Et comme dit, rien qu'avec des tweaks niveau système de fichier j'ai par exemple pu changer des temps d'extraction de 1 minute ou presque à environ 35 secondes, des copies de l'arbre de portage de 10 minutes à moins de 2 etc... crois moi, j'ai également vu des perfs de calcul sur réels (bc) passer du simple au double pour des questions de CFLAGS..., aucun OC ne fait ça.

----------

## theniaky

Oui je suis d'accord : cherche plutôt des optimisations un peu plus propre qu'un overclocking sur ta gentoo. Ca sera plus beaucoup plus fiable.

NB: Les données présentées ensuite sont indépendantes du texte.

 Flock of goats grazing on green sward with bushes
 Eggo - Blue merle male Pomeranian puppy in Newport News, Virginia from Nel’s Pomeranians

A mon avis, l'overclocking c'est bon uniquement pour certains jeux gourmands sous windows... Je vois pas trop l'intérêt de prendre ce risque sous linux...

----------

## toto89

Maitenant si je met windows et Gentoo sur le meme ordi... Car j'ai pas 36 ordi chez moi... Je suis dans le caca?

Gentoo compilera mal car j'ai fait de l'overcloking? Car a se que je sache tout ce fait dans le bios et donc peut importe le système d'exploitation mon ordi sera overcloker dès que je pèse sur le bouton power... Amoins que Gentoo a un logiciel pour remettre le processeur a la normal lorsque je boot sous Gentoo...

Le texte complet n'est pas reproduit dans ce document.